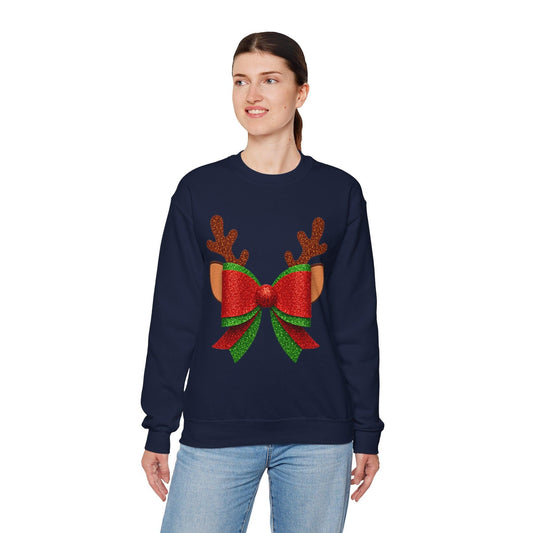 Christmas Reindeer Bow Unisex Sweatshirt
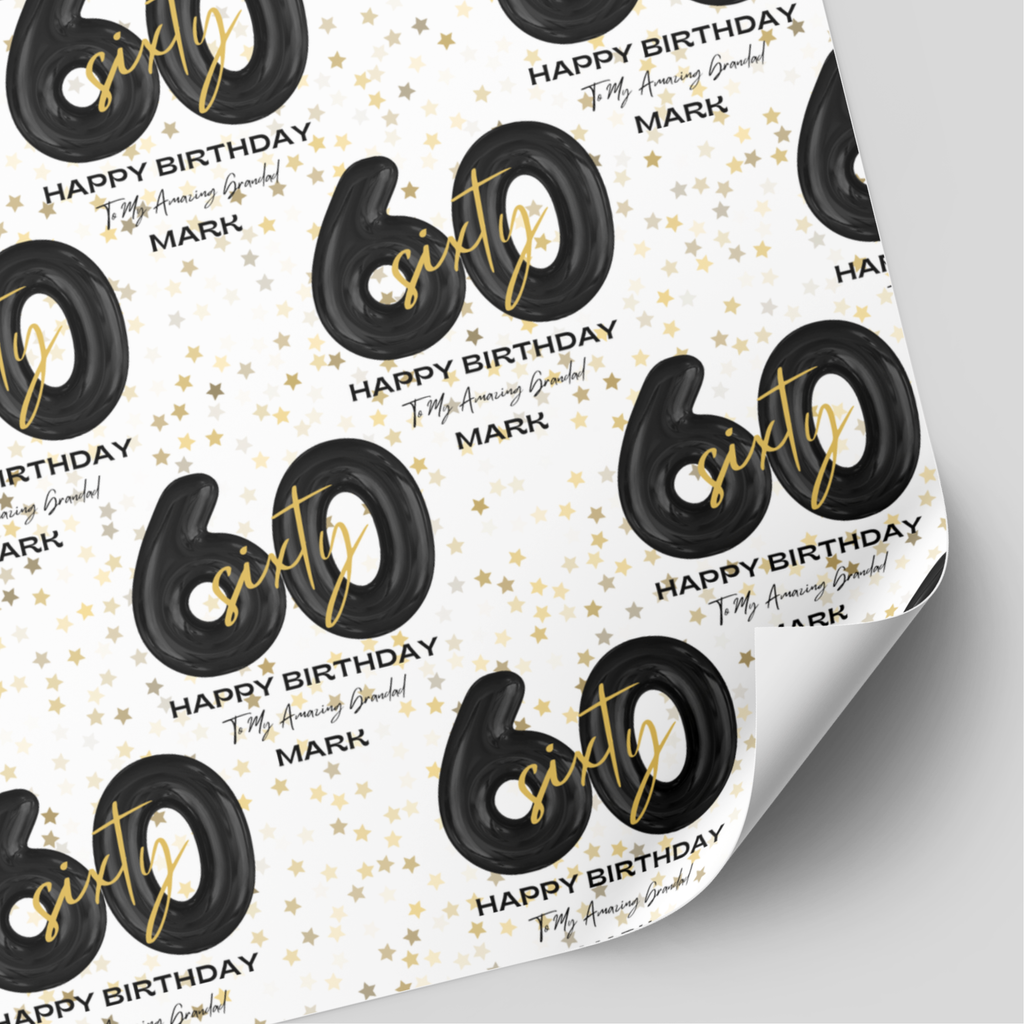 60th Birthday Black & Gold Balloon Wrapping Paper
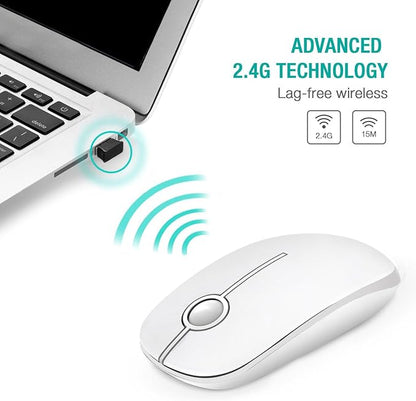 VssoPlor Wireless Mouse, 2.4G Slim Portable Computer Laptop Mouse - Image 2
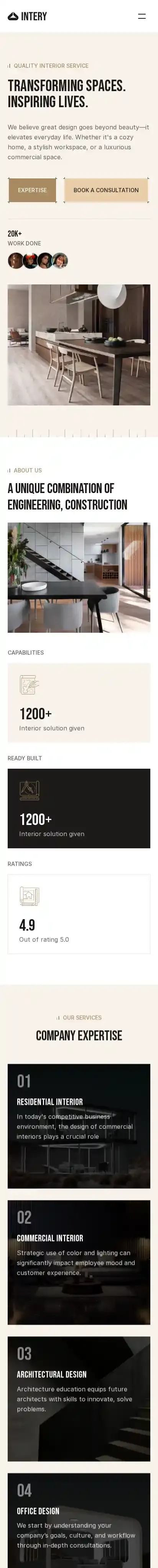 Intery home page on mobile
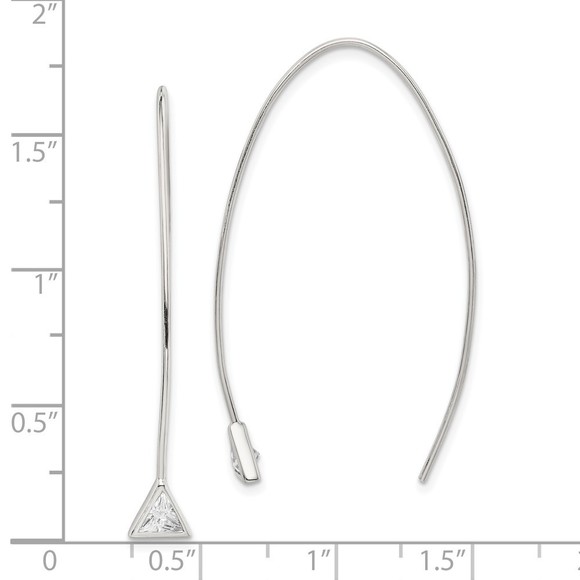 Sterling Silver Triangle CZ Threader Earrings - Picture 2 of 4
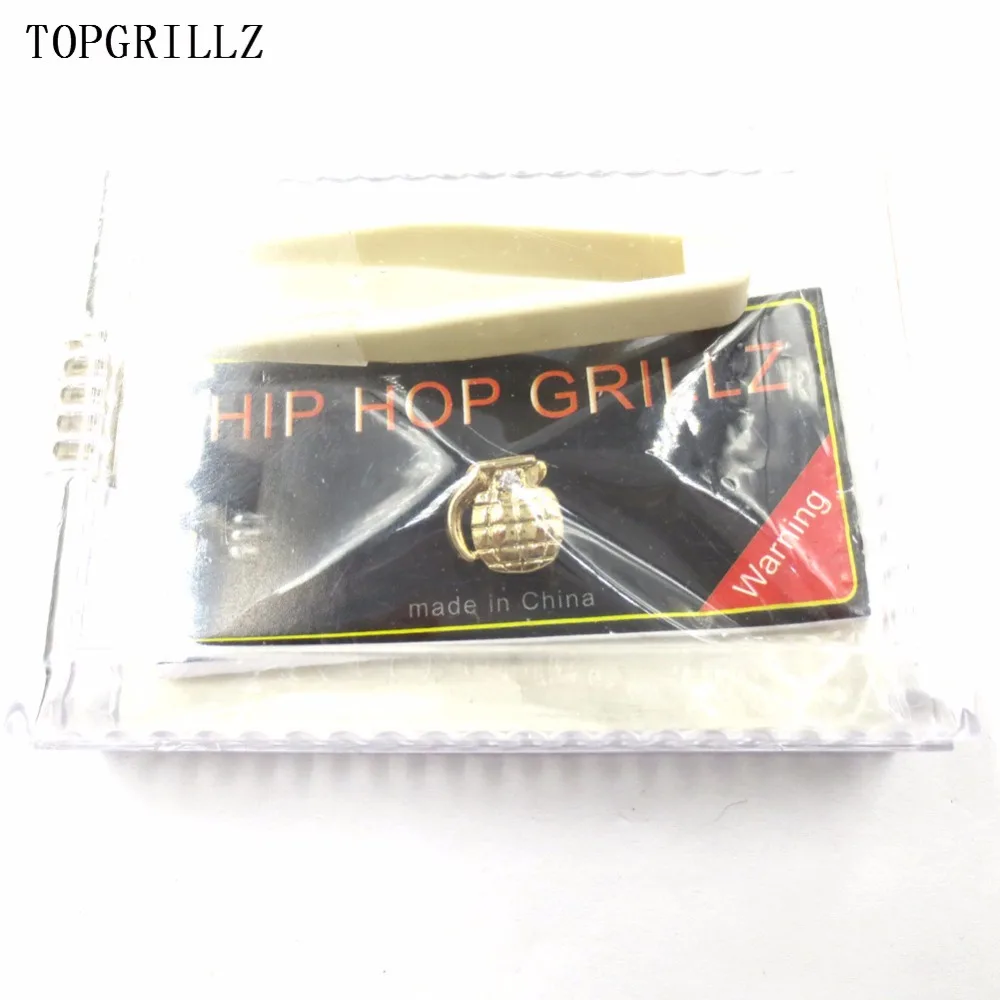 TOPGRILLZ New Fit Gold Color Plated Hip Hop Single Grenade Tooth Grillz Cap Top & Bottom Grill gold teeth caps.Gift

++++++++++++++++++++

__Work to be completed__
Every line of the listing should be copied precisely, with images omitted.

__Expected answer__
 Christmas Reindeer Bow Unisex Sweatshirt
 60th Birthday Black & Gold Balloon Wrapping Paper
 VssoPlor Wireless Mouse, 2.4G Slim Portable Computer Laptop Mouse - Image 2
 Intery home page on mobile
 Sterling Silver Triangle CZ Threader Earrings - Picture 2 of 4
 TOPGRILLZ New Fit Gold Color Plated Hip Hop Single Grenade Tooth Grillz Cap Top & Bottom Grill gold teeth caps.Gift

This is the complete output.